D’autres réactions ont ensuite été publiées, avec un surprenant retard, alors que la vente d’esclaves africains devrait être une alerte mondiale majeure au vu de son ampleur dans le passé et de sa proximité historique.
Jeune Afrique a publié hier un texte sévère de Thierry Amougou, économiste camerounais et professeur-chercheur à l’Université de Louvain en Belgique. Sa critique s’adresse aux africains eux-mêmes.

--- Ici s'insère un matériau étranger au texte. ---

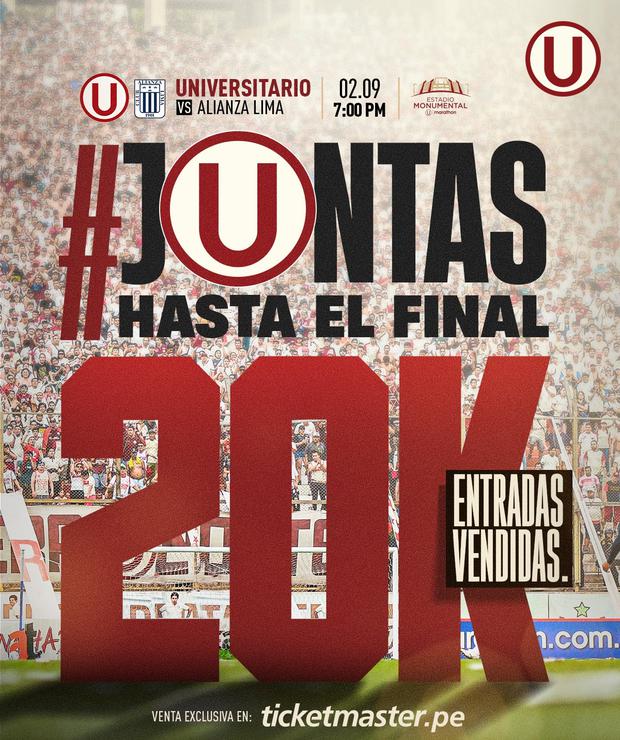 Universitario recibirá a Alianza Lima en el Monumental de Ate, este sábado. (Foto: Universitario de Deportes)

« L’idée de l’Union africaine, à notre humble avis, souffre dès ses origines d’un déficit d’un projet anthropologique fort. Depuis 1963, les textes fondateurs du panafricanisme exaltent la libération du continent, mais restent cois sur les droits inaliénables et les droits aménageables du nouvel Homme africain. La conséquence de cette aboulie anthropologique dans le panafricanisme, est qu’un continent qui a fait l’expérience de la traite arabe pendant sept siècles et celle du commerce triangulaire pendant cinq siècles, n’ait pas dans la charte de son projet de renaissance, des engagements sacro-saints qui interdisent de façon contraignante l’esclavage, et assortissent cette interdiction de dispositifs contraignants qui s’imposent de façon supranationale à tous les Etats. »
On notera que son propos mentionne la traite négrière arabe comme celle menée par des européens. C’est assez peu fréquent pour le souligner. Il ne manque que de désigner les premiers vendeurs d’esclaves: les rois et chefs africains eux-mêmes.
Il ajoute plus loin:
« L’Afrique en 2017 ne rend pas l’Africain fort de sa fierté d’être Africain, elle lui fait rêver sa vie ailleurs, et le force à payer cet ailleurs au prix fort. »

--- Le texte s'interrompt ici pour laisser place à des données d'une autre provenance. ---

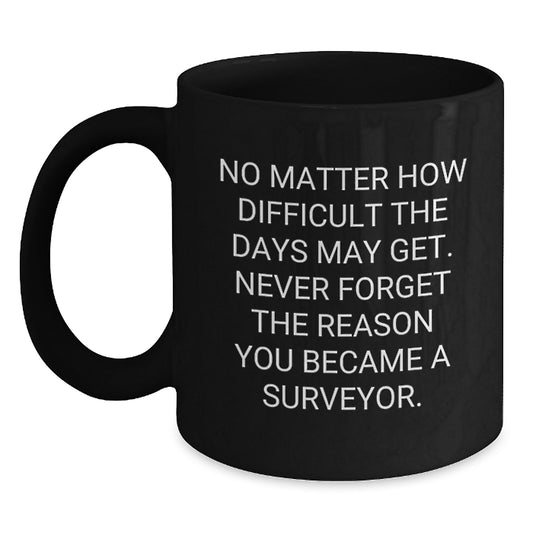 Gifts from Friends for Surveyor Men - Inspirational Black Coffee Mug Surveyor Valentine's Unique Gifts - Main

Si l’on compare la mobilisation mondiale pour les jeunes filles enlevées par Boko Haram au Nigeria (l’enlèvement de jeunes garçons n’ayant pas fait de bruit) et celle attendue pour dénoncer cette nouvelle vente d’esclave, il n’y a pas photo. D’accord, on n’allait pas attendre des organisations féministes de défendre des hommes. Le féminisme n’est pas un humanisme.

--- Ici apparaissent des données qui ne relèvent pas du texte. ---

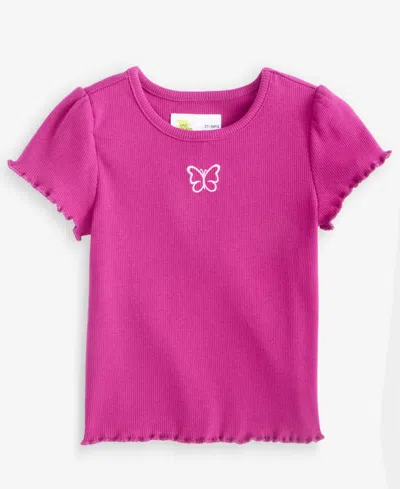 Epic Threads Kids' Toddler Girls' 12m-5t Puff-sleeve Ribbed T-shirt, Macy's Exclusive In Pink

Pourquoi n’entend-on pas Michelle Obama, si prompte à sermonner tout ce qui ressemble à du racisme, et elle-même descendante d’esclaves? Ou Hillary Clinton, si fière et amusée d’apprendre à l’époque la mort de Kadhafi?
La première information sur cette vente de migrants à titre d’esclave est parue le 13 novembre sur le site de CNN. Je l’ai lue pour la première fois en français le 15. J’ai publié sur le sujet le 17. RFI Afrique en a parlé le 18, comme LCI. Libération le 20. L’express le 21. Emmanuel Macron dénonçait des crimes contre l’humanité le 22. La réaction de la « communauté internationale » ne s’est faite entendre que le 22.
Les reproches de Thierry Amougou envers les responsables d’Afrique subsaharienne et l’OUA visent la bonne cible.
Il ne sert à rien de culpabiliser encore une fois les occidentaux blancs. La solution, si elle existe, doit être cherchée en Afrique même.
Le mal-développement endémique, la corruption, l’absence de vision, la fuite des bras et des cerveaux vers ce qui ressemble à une nouvelle conquête de l’ouest doré, l’argent facile pour les filières mafieuses de passeurs bien installés en Libye, sont des problèmes majeurs à régler.
Chercher des solutions ailleurs c’est encore fuir les problèmes et alimenter la chaîne de la mort en Libye ou en Méditerranée, ou de la pauvreté en Europe. Et encourager au statu quo sur le continent noir.
Notre culpabilité n’y changera rien.
À propos de migration je souligne les propos d’Emmanuel Macron, qui répondait à une femme marocaine désirant s’installer en France, mais ne disposant pas du visa adéquat. Il remet la loi au milieu du village. À visionner ici:
Commentaires
Il me semble qu'il manque tout une face de cette sombre histoire:
Qu'il y ait des criminels qui kidnappent et vendent des gens comme esclaves c'est une chose, scandaleuse, mais pas si surprenante.
Par contre qu'il y ait une clientèle, et donc un cadre géographique, culturel, voir légal, qui s'y prête c'est beaucoup plus préoccupant. Et ça on n'en parle pas beaucoup.